Speaking post-G20, experts have warned continued tensions would disrupt global trade, erode the effectiveness of the multilateral international trade regime and dampen growth. 

Asia’s economies that are deeply integrated in regional and global tech and trade chains, including Hong Kong, Korea, Malaysia, Singapore, Taiwan and Vietnam, are most exposed to significant and lasting disruptions to trade and investment from the ongoing US and China trade war.

Speaking after the latest G20 summit Atsi Sheth, managing director, credit strategy & standards at Moody’s Investors Service said: “The announcement following the G20 meetings temporarily de-escalates hostilities between the US and China. However, we expect US-China relations to remain contentious. Narrow agreements and modest concessions in their ongoing trade dispute will not bridge the wide gulf between their respective economic, political and strategic interests.”

Sheth also noted tensions between the US and China will affect global credit conditions in four key areas: trade, technology, investment and geopolitics.

More worryingly, US-China tensions will cast a pall over global credit conditions and quality. The impact will be felt at the global, country, sector, and company level.
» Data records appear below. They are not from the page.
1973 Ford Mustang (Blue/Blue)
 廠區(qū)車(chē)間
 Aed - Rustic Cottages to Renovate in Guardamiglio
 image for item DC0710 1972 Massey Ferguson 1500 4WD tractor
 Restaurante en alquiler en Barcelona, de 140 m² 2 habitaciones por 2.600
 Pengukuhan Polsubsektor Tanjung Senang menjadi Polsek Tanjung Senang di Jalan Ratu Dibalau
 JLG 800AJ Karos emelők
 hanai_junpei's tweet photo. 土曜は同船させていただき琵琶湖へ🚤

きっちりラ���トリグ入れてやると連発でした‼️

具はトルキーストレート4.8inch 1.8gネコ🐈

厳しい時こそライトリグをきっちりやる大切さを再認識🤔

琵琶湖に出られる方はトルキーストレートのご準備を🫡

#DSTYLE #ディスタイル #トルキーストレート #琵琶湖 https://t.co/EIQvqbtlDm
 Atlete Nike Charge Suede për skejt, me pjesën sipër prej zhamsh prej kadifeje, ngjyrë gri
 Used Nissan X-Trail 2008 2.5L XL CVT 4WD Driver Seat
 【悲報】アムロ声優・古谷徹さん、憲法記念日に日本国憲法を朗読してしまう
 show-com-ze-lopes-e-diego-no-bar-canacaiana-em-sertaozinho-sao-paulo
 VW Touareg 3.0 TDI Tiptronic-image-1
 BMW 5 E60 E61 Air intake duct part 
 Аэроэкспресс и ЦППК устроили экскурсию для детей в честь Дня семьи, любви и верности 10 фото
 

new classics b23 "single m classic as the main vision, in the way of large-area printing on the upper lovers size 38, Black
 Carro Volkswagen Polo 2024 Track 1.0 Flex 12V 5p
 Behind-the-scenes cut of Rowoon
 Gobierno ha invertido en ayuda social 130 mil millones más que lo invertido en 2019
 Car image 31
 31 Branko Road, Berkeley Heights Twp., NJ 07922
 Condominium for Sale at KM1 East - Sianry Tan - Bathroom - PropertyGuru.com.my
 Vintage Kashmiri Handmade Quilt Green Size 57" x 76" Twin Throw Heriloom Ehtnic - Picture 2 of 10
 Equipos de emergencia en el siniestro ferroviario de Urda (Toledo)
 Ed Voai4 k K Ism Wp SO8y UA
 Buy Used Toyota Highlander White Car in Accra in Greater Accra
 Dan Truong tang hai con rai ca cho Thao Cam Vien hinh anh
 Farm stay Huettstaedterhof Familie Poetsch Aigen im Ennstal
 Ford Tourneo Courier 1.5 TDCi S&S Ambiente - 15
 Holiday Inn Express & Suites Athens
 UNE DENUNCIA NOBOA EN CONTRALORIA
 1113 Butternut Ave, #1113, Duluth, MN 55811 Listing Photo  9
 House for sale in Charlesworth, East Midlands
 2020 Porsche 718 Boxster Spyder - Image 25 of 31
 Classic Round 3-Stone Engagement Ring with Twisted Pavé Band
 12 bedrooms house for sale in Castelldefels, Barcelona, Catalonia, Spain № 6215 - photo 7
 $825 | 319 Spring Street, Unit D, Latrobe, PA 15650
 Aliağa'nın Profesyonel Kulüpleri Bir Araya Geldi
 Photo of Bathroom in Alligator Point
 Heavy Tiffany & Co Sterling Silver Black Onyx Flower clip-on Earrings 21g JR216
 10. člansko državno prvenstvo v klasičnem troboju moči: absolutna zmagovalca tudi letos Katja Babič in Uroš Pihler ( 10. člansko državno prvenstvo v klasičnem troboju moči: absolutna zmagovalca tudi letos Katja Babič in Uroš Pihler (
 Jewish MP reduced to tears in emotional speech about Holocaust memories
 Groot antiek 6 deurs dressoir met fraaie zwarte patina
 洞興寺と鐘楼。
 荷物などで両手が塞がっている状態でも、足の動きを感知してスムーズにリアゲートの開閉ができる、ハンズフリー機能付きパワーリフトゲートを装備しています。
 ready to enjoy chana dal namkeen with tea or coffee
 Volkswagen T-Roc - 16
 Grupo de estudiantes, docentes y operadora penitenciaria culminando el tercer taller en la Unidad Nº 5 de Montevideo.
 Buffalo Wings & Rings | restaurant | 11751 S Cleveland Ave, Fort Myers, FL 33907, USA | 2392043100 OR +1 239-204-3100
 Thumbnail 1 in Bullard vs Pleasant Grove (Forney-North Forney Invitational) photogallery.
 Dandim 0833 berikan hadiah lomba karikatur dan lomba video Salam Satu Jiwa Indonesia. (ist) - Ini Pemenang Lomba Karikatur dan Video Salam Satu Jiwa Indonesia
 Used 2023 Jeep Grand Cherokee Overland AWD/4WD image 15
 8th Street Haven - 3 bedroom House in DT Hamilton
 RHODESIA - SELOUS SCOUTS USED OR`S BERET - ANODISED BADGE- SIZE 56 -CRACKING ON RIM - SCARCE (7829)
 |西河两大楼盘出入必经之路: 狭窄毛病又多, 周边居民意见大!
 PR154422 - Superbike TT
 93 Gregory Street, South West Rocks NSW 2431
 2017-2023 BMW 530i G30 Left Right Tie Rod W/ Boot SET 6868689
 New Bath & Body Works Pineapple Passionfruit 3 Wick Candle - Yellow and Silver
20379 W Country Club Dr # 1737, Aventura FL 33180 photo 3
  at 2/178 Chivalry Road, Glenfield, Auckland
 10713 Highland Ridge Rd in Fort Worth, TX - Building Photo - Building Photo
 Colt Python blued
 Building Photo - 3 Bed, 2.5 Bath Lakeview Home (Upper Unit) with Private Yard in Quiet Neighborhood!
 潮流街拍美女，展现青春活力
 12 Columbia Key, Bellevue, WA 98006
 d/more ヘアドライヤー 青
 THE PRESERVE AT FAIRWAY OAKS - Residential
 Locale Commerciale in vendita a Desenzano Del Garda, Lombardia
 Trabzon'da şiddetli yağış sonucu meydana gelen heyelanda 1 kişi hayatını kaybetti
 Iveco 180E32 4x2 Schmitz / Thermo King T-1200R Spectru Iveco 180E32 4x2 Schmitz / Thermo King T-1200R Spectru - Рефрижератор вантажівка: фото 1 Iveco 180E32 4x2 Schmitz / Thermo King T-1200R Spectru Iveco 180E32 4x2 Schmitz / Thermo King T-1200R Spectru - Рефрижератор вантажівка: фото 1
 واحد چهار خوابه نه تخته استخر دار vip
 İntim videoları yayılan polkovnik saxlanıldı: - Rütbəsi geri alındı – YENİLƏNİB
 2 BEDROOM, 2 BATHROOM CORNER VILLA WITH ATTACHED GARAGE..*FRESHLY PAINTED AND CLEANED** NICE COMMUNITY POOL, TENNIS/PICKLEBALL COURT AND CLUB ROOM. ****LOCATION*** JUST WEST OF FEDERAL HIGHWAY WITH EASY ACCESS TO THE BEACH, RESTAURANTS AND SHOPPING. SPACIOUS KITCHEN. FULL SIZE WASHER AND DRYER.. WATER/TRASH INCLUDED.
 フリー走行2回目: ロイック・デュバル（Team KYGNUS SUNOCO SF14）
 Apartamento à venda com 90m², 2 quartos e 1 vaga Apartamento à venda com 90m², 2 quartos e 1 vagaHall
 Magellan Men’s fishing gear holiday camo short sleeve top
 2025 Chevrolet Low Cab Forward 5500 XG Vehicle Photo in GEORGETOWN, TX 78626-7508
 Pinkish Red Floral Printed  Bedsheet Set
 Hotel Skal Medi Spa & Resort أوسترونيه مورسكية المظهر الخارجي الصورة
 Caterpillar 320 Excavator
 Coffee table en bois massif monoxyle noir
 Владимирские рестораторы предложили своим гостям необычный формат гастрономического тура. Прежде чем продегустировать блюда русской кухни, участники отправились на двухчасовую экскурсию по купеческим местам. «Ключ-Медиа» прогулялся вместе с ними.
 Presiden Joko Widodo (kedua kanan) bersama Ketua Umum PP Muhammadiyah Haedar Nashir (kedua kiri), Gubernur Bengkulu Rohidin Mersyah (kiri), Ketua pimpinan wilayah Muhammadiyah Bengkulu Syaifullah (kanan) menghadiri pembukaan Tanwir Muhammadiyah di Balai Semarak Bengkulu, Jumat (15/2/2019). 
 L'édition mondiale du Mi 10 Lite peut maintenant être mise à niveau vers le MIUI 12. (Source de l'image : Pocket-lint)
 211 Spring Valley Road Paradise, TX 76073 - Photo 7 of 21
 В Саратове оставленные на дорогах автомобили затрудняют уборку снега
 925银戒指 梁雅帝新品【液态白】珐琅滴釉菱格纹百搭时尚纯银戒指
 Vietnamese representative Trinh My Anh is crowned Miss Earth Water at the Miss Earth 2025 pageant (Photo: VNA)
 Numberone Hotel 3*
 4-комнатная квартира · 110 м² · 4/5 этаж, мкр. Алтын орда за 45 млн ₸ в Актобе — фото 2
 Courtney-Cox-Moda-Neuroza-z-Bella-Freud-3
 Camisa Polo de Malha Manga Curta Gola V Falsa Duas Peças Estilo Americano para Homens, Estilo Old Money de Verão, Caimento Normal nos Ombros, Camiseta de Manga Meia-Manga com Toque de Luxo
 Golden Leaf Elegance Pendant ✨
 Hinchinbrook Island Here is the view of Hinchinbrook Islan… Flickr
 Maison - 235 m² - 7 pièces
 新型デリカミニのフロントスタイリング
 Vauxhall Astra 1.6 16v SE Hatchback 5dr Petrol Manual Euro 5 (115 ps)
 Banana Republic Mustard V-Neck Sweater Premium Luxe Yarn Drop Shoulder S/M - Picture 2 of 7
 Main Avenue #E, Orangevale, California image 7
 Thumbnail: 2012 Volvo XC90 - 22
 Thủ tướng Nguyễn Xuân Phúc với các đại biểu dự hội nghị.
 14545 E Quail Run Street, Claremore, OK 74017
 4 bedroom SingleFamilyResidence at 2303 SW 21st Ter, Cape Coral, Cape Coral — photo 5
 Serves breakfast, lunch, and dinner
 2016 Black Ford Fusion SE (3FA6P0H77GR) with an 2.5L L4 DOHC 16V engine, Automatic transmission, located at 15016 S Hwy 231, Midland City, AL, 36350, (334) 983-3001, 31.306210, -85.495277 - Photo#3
“As the world’s two largest economies, the US and China are too strong to cede their respective national interests in negotiations with each other. However, an economic cold war that leads to decoupling would be costly for both countries, owing to their deep links with each other. Therefore, relations between the two powers will swing between conflict and compromise.

“Continued tensions would disrupt global trade, erode the effectiveness of the multilateral international trade regime and dampen growth. As every new development is reflected in financial markets, it will affect valuations and borrowing costs for many debt issuers,” added Sheth.